OGDEN — Since being elected, Donald Trump has softened his early campaign statements about mass deportations, but he still says between two and three million undocumented immigrants could be ousted from the United States during his term.
Many immigrants and their families, particularly those in Latino communities, have expressed fear over what Trump’s immigration rhetoric and proposals could mean for them. But on the other side of those fears, there are citizens hopeful a Trump administration will be the cure to some of America’s woes.
On his website, Trump has a 10-point plan to establish new immigration controls he says will “prioritize the jobs, wages and security of the American people.”
The plan includes deportations, ending sanctuary cities, eliminating certain amnesty policies, suspending visas in certain areas, and — the hallmark of Trump’s immigration policy — building an impenetrable wall along the nation’s southern border.
But without many specifics, it’s hard to know exactly what the impact of Trump’s election will be for Utah families and the local economy.
It’s also hard to know exactly how many unauthorized immigrants live in Utah. U.S. Census data from 2015 said there were fewer than 150,000 foreign-born non-citizens in the state.
But that number lumps undocumented immigrants with documented ones — exchange students, those here on work visas and those with permanent residency. A Pew Research study from 2014 estimated that Utah has about 100,000 people who came to the country illegally.
Utah is one of the few states to offer driving privilege cards to people who can’t prove they are U.S. citizens. The state said 33,558 of these cards were issued in 2016, with 3,150 of them in Weber County, 1,293 in Davis, 396 in Box Elder and none in Morgan County.
While protecting students who came to the country illegally as children, President Barack Obama also ramped up deportations of undocumented people who have been convicted of crimes, expelling 2.5 million people in eight years, more than any other president.
But Trump plans to reinstate workplace raids and will pressure local law enforcement agencies to assist in deporting undocumented people, the Los Angeles Times reported.

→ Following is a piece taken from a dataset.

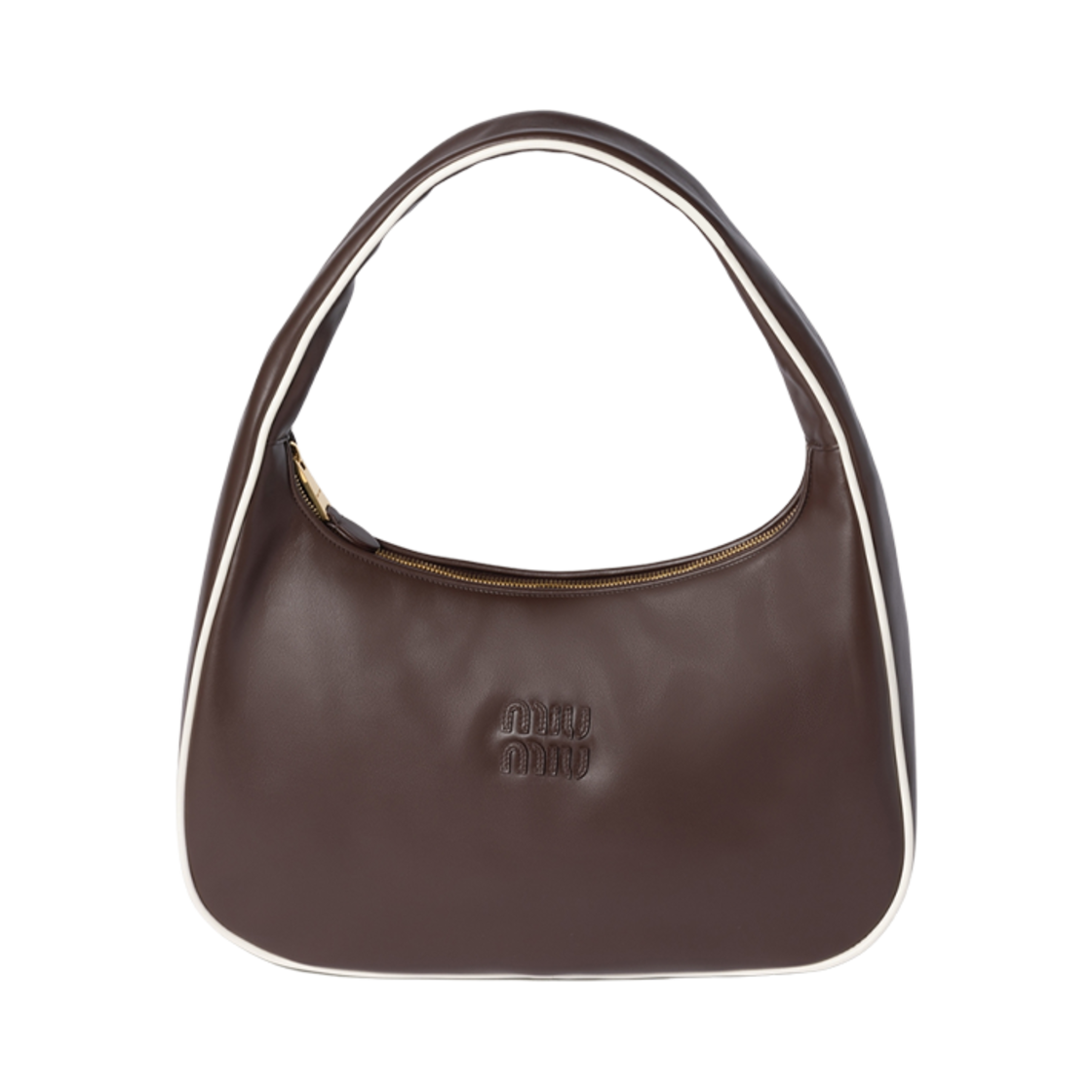 5BC183-2IBP-F03XH Miu Miu Wander Leather Bag Briarwood White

Although the Obama administration has focused on undocumented immigrants convicted of serious crimes, Trump will “widen that net to include migrants who have been charged but not convicted, suspected gang members and drug dealers, and people charged with such immigration violations as illegal reentry and overstaying visas, as well as lower-level misdemeanors,” the Times reported based on interviews with anonymous transition team members.
A UtahPolicy poll of 614 adults by Dan Jones and Associates in December reported that 75 percent of Utahns said they “strongly” or “somewhat” support Trump’s “plan to deport undocumented immigrants with criminal records.” Twenty-two percent of those surveyed said they oppose the plan.
Ogden business owner David Edgell says America is a nation of immigrants, which “makes us rich in thought and culture,” but undocumented immigrants have “become our financial burden,” and he’s wary of those “who would bring us poison, violence and crime.”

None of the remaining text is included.